Exercise data ▸
◇ ◇ ◇ ◇ ◇
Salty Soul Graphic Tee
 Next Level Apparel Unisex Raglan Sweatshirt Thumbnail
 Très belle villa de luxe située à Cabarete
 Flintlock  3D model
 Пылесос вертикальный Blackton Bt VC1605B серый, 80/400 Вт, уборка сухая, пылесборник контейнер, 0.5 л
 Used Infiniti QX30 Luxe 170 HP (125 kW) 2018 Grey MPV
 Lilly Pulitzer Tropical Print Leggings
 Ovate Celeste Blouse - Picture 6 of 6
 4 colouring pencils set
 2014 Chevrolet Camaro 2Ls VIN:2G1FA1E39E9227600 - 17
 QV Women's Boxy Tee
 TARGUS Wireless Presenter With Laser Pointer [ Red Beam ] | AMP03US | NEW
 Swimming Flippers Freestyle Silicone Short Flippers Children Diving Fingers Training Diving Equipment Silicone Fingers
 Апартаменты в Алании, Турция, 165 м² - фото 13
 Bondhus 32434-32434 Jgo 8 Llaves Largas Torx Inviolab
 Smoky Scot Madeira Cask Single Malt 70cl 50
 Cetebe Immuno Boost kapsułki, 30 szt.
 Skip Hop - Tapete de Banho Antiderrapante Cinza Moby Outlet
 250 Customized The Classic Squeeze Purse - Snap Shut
◇ ◇ ◇ ◇ ◇
Task to carry out ▸ Give back exactly the lines of the listing above that run from the line with "2014 Chevrolet Camaro" to the line with "TARGUS Wireless Presenter", inclusive.

Answer space ▸
 2014 Chevrolet Camaro 2Ls VIN:2G1FA1E39E9227600 - 17
 QV Women's Boxy Tee
 TARGUS Wireless Presenter With Laser Pointer [ Red Beam ] | AMP03US | NEW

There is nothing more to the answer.